Wanda has a run-in with the other cheerleaders, and her mother’s trailer trash boyfriend. She’s left with no home, no hope, and nowhere to go…except to her instructor. At the same time, viewers get exposed to the growing zombie epidemic, spreading quickly throughout the town.

Wanda inherits the belt that was passed down to her master from his master, the one known as Ghetto Sensei. Her master was too short sighted to make use of the belt, and so, Wanda, despite her own ignorance, must realize that she alone deserves to wield the magic belt, and that she alone can save the human race from the oncoming tide of undead.

The final act of the film pits Wanda’s master against his arch-enemy, and ultimately, Wanda’s transformation from idiot to heroine.  What’s not to like?

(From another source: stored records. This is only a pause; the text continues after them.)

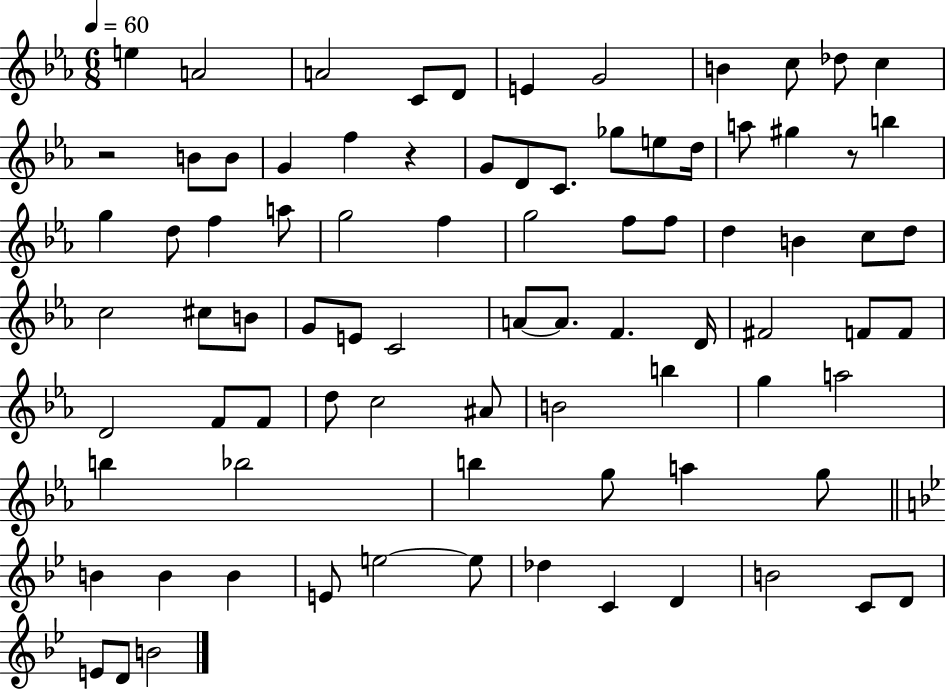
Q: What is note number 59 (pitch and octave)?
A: G5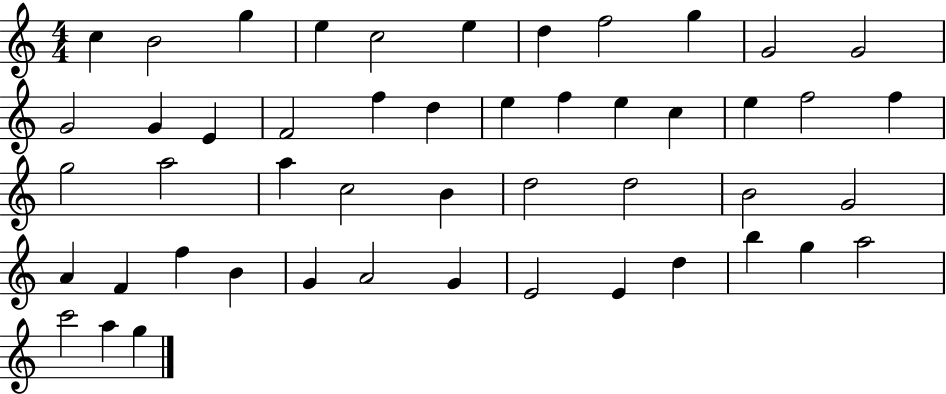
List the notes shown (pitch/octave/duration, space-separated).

C5/q B4/h G5/q E5/q C5/h E5/q D5/q F5/h G5/q G4/h G4/h G4/h G4/q E4/q F4/h F5/q D5/q E5/q F5/q E5/q C5/q E5/q F5/h F5/q G5/h A5/h A5/q C5/h B4/q D5/h D5/h B4/h G4/h A4/q F4/q F5/q B4/q G4/q A4/h G4/q E4/h E4/q D5/q B5/q G5/q A5/h C6/h A5/q G5/q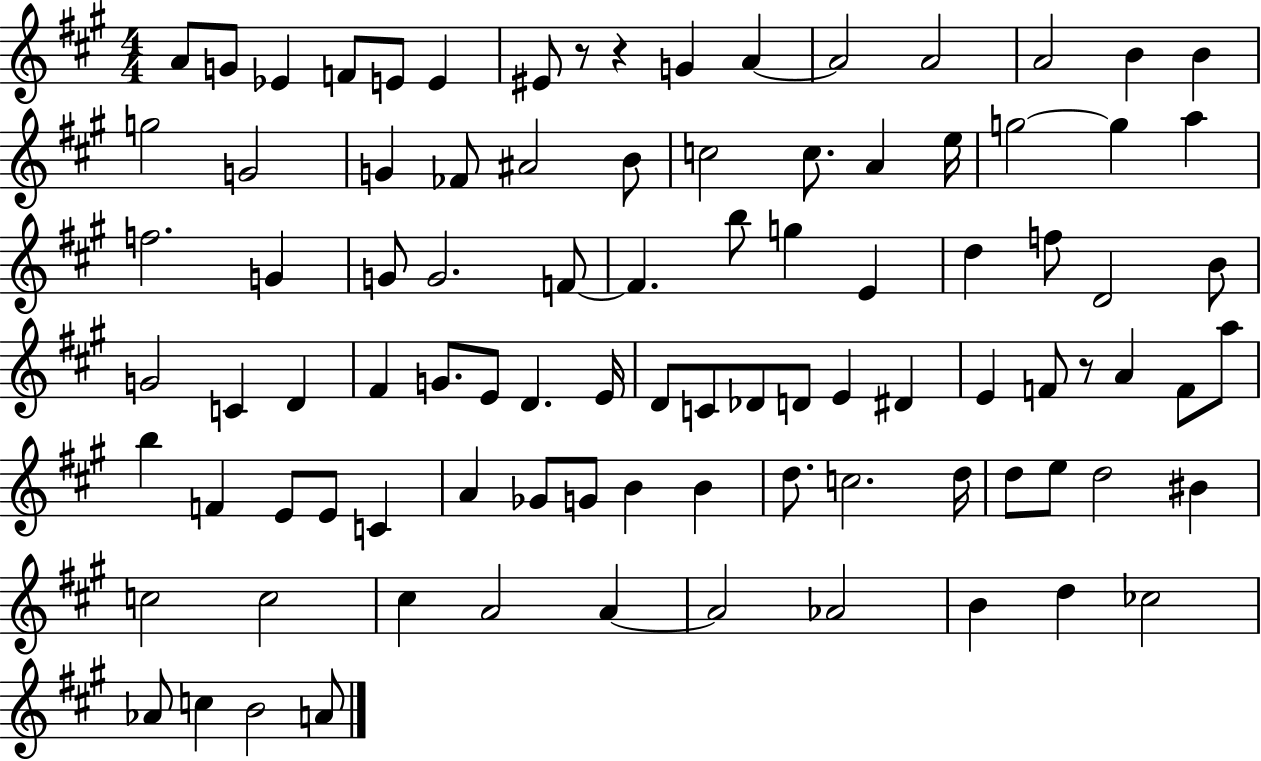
X:1
T:Untitled
M:4/4
L:1/4
K:A
A/2 G/2 _E F/2 E/2 E ^E/2 z/2 z G A A2 A2 A2 B B g2 G2 G _F/2 ^A2 B/2 c2 c/2 A e/4 g2 g a f2 G G/2 G2 F/2 F b/2 g E d f/2 D2 B/2 G2 C D ^F G/2 E/2 D E/4 D/2 C/2 _D/2 D/2 E ^D E F/2 z/2 A F/2 a/2 b F E/2 E/2 C A _G/2 G/2 B B d/2 c2 d/4 d/2 e/2 d2 ^B c2 c2 ^c A2 A A2 _A2 B d _c2 _A/2 c B2 A/2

Wanda dons the belt, loses the glasses, and then what?  Yeah, you guessed it.  Time for some serious ass kicking.  Wanda undergoes the full Rambo/Resident Evil Alice treatment, and emerges ready to slaughter any undead ninja, zombie, cheerleader, or other bloodsucker in her path. 

Of course, Wanda’s unique blend of beauty and intelligence are required to undo the scientific experiment. She gets the chance to chat about the whole zombie outbreak with a disposable goth chick, right down to the possibility of a cure for the zombies.  So…why not?  Wanda genius Wanda and her completely disposable sidekick develop the formula to cure all the zombies (which is apparently 95% dry ice).

The finale’ pits Wanda against an army of undead karate masters, including Donnie and Evil Sensei, powered the whole time by some serious 70’s martial arts music. Wanda gets her revenge, both for herself and her dopey master, and all seems like the world is better…except that this flick naturally leaves room for a sequel.

Writer Bo Buckley (Dismal, Death 4 Told) gets credit for this combination of T&A, zombies, ninjas, and laughs. Death of the Dead is a Troma-style mix of fart jokes, penis jokes, hot female lead, goofy dialogue, extended stunts, and lots and lots of fake blood.